## What the task asks:
Your task is to reproduce the listing exactly, without its images.

## Given data:
^^^^
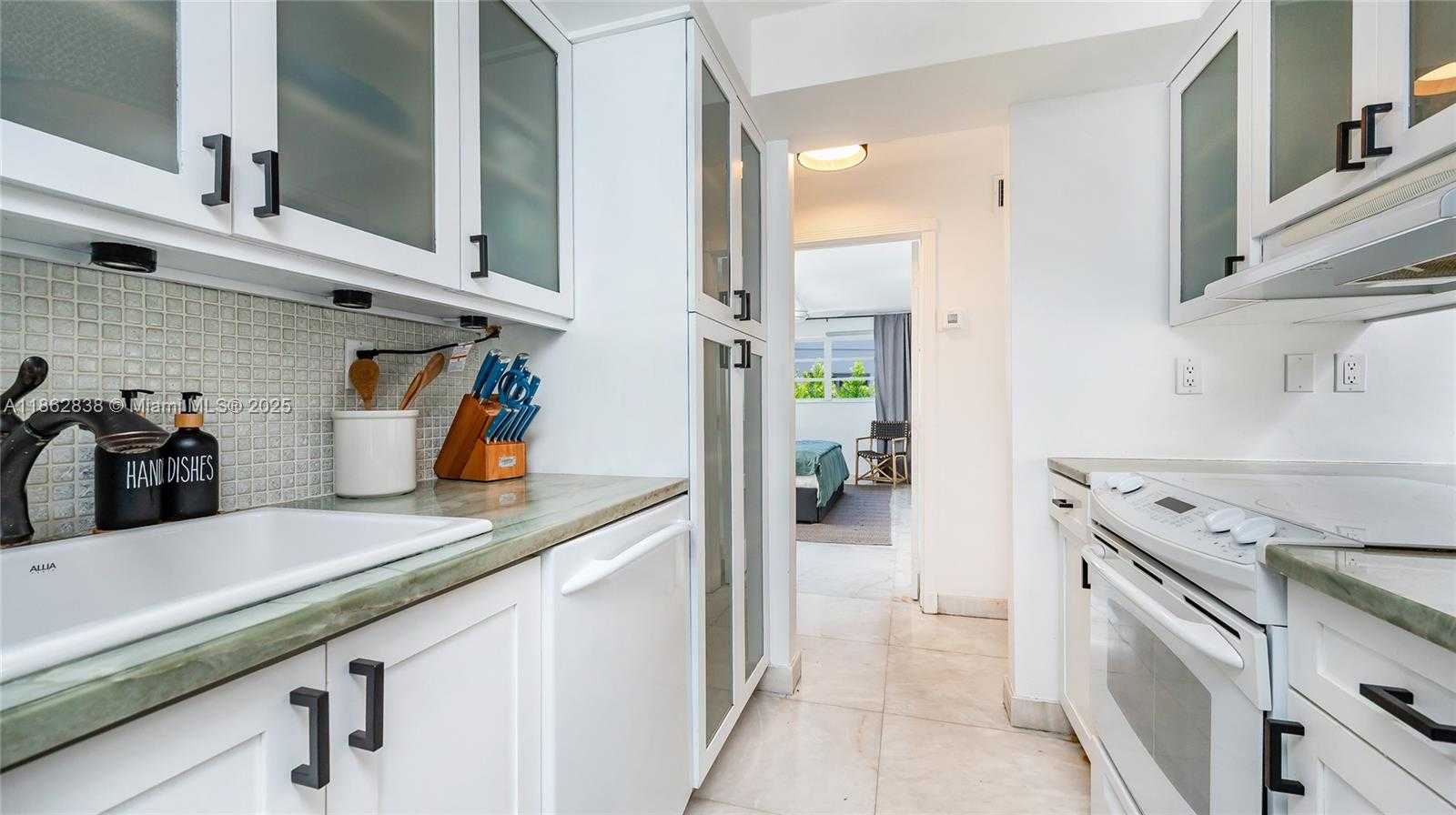 Small Image of 195 SUNRISE DR #1, Key Biscayne Number 6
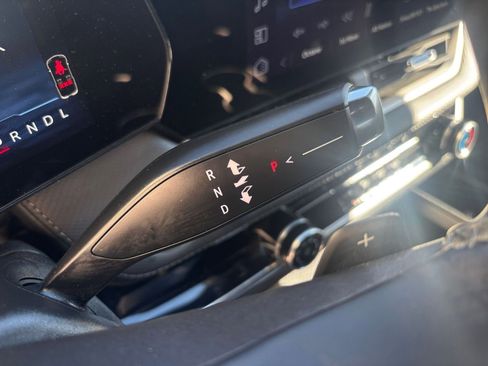 Used 2025 Chevrolet Equinox LT image 41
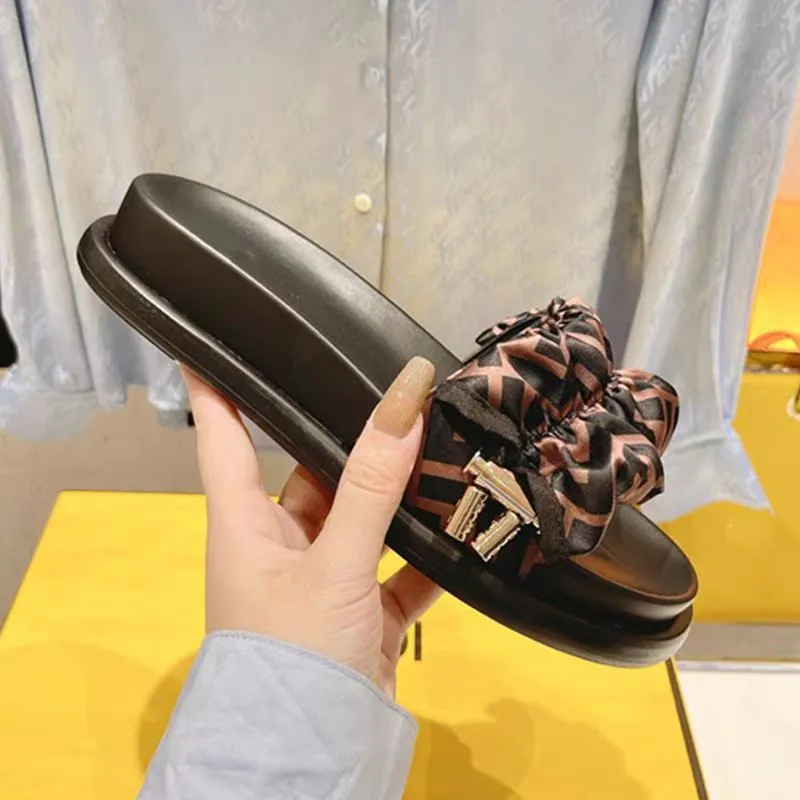 2024 París Sandalias y zapatillas de lujo para mujeres Moda Fashion Summer Girls Beach's Plan Bottom Snippers and Slippers 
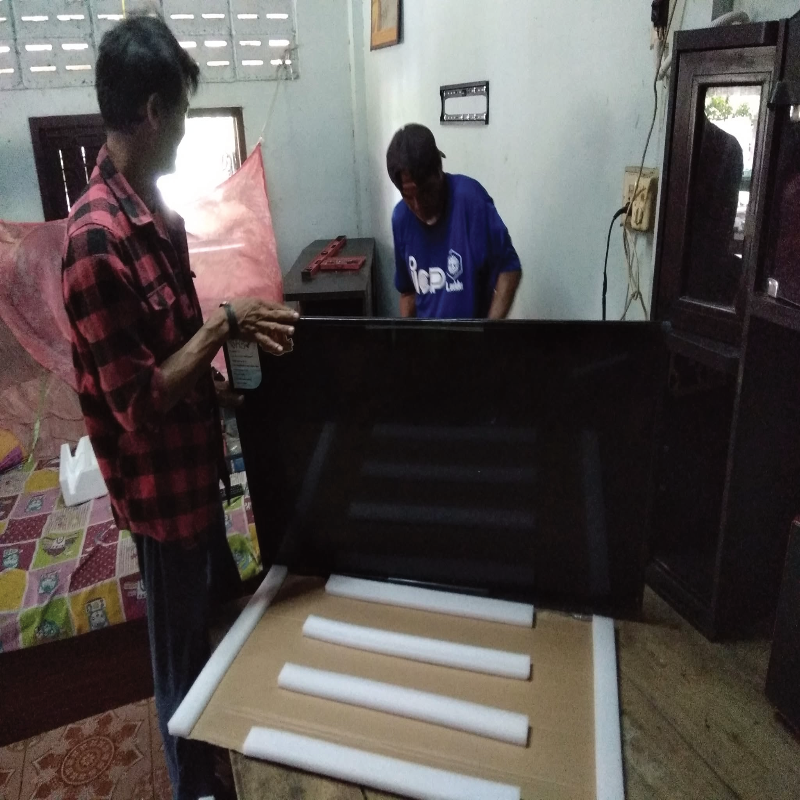 ประกอบขาแขวนทีวีติดผนัง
^^^^
## Your response:
 Small Image of 195 SUNRISE DR #1, Key Biscayne Number 6
 Used 2025 Chevrolet Equinox LT image 41
 2024 París Sandalias y zapatillas de lujo para mujeres Moda Fashion Summer Girls Beach's Plan Bottom Snippers and Slippers 
 ประกอบขาแขวนทีวีติดผนัง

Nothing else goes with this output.